Mediate headed to broadcast booth

ESPN, which will air all four round of the British Open for the first time this year, is promising to shake up the normally lackluster telecast with the addition of 18 cameras and new, though unspecified technology. The cable giant also will add at least one new voice at St. Andrews: Rocco Mediate.

Mediate will serve as an on-course announcer at the Open, and also will do “SportsCenter” spots with anchors Mike Tirico and Scott Van Pelt.

But Mediate, who has made just three cuts in 15 starts this year, insists he’s not looking to parachute into a full-time TV job. The Open, in fact, comes in the midst of a busy playing schedule.

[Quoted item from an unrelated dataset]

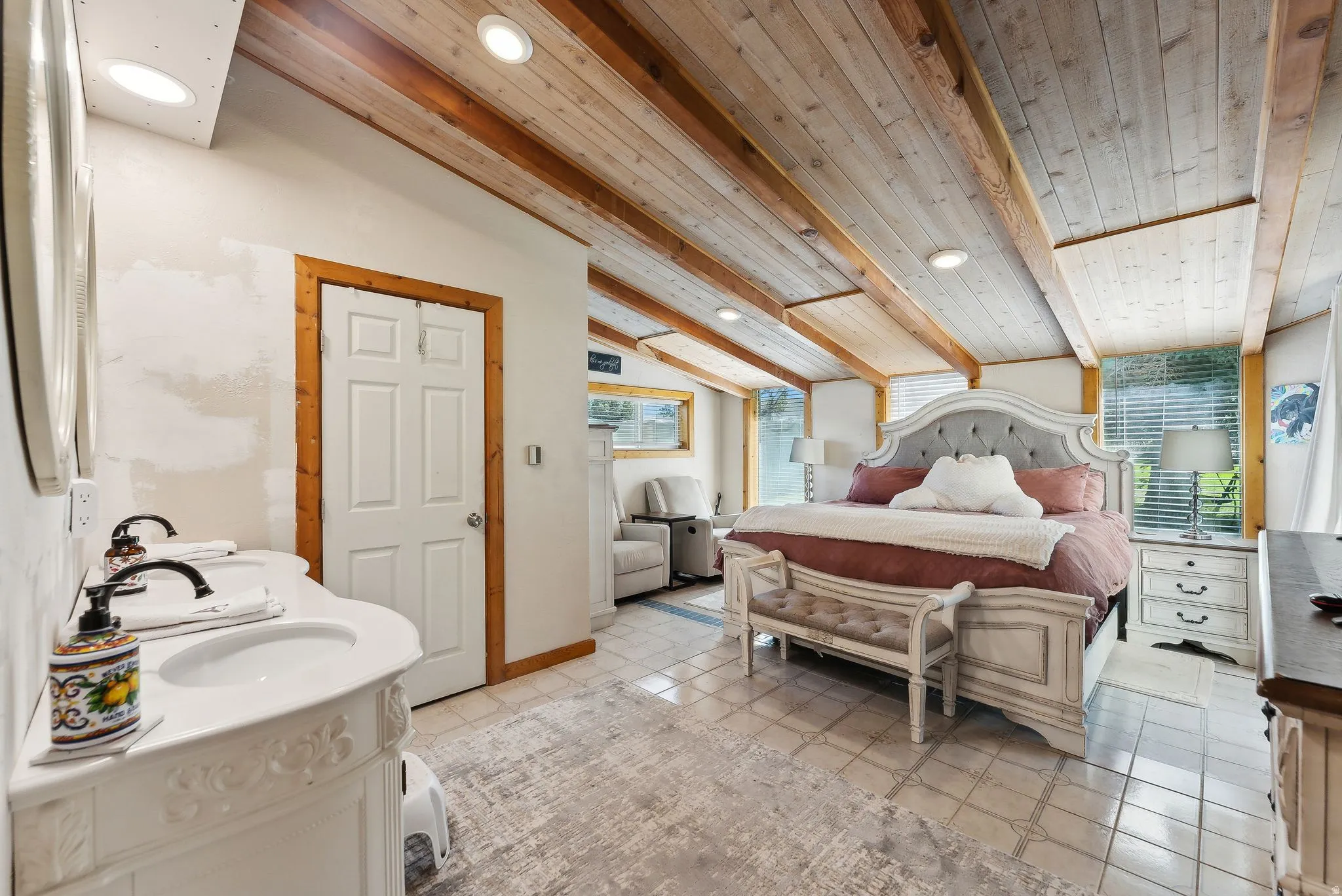 Bedroom with vaulted ceiling with beams, light tile patterned floors, and recessed lighting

Mediate is playing the two weeks leading up to the Open, and after leaving Scotland he’ll head straight to Tour events in Canada and West Virginia.

“I still want to play, I’m still good enough to play,” he said. “I haven’t shown that of late, but I know I still am.”

This will be Mediate’s second stab at broadcasting. He worked three events for Golf Channel in 2007, and says he learned a lot during that short time.

“One thing Kenny Venturi definitely taught me is never talk about yourself,” Mediate said. “When I was with the Golf Channel, I never said ‘I’ unless I was asked what I would do, becasue no one cares about what I would do, they only care about what they’re looking at on television.”

Mediate, who joined the PGA Tour full-time in 1986, has played in nine Opens, making six cuts. His best finishes were a T-18 in 1996 and a T-19 in 2008, the year he memorably lost to Tiger Woods in an 18-hole playoff at the U.S. Open. Mediate said he is especially fond of St. Andrews, where he finished T-52 in 2000, though he recalls not knowing what to make of The Old Course when he first saw it.

“I remember the first thing I thought was, ‘What’s going on here?’ You just couldn’t tell where anything was,” he recalled. “It was just so different. When we started to play, it became evident what it was all about. It was just really neat, totally different than anything I’ve ever seen. Even the other Open courses aren’t the same. Just bunkers all over the place.”

He said he doesn’t anticipate he’ll have any problem speaking critically of his Tour counterparts if they play poorly at the Open. The voluble pro’s biggest concern is simply getting enough airtime.

“As much as I like to talk, most of the time you only have 3 or 4 or 5 seconds,” Mediate said. “I can’t even say my name in 5 seconds.”